*EXERCISE*. In the records below, the lines between the one holding "Haunted By 67" and the one holding "Staffordshire Classic Blue", inclusive, are to be transcribed exactly; no pictures are to be included.

*RECORDS PROVIDED*.
——————

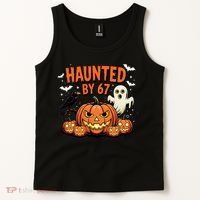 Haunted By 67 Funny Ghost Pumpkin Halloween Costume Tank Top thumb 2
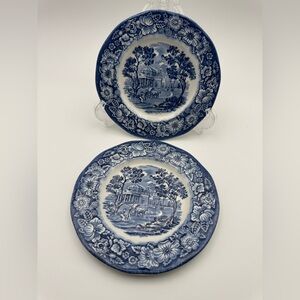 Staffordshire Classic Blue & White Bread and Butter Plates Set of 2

——————

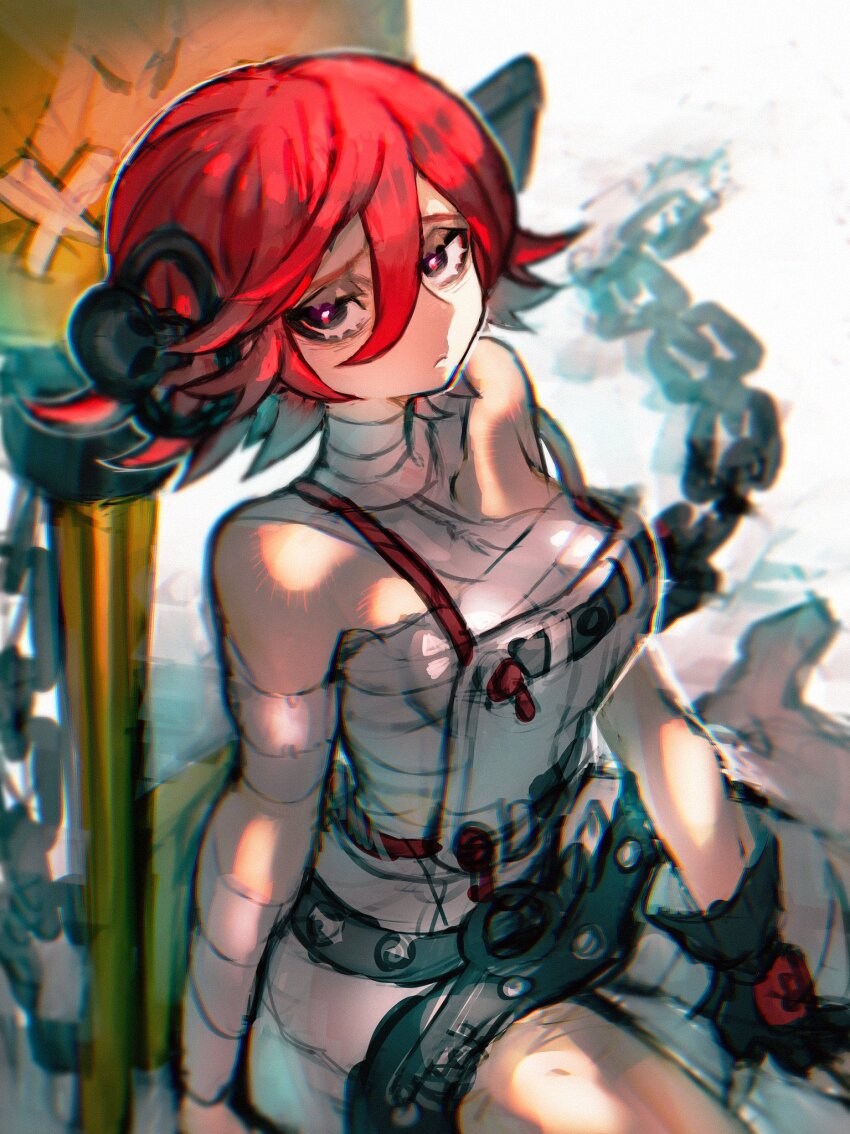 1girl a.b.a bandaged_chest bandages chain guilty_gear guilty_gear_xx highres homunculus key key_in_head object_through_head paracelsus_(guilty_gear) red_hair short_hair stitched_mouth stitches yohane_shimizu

——————

*ANSWER TO THE PROBLEM*.
 Haunted By 67 Funny Ghost Pumpkin Halloween Costume Tank Top thumb 2
 Staffordshire Classic Blue & White Bread and Butter Plates Set of 2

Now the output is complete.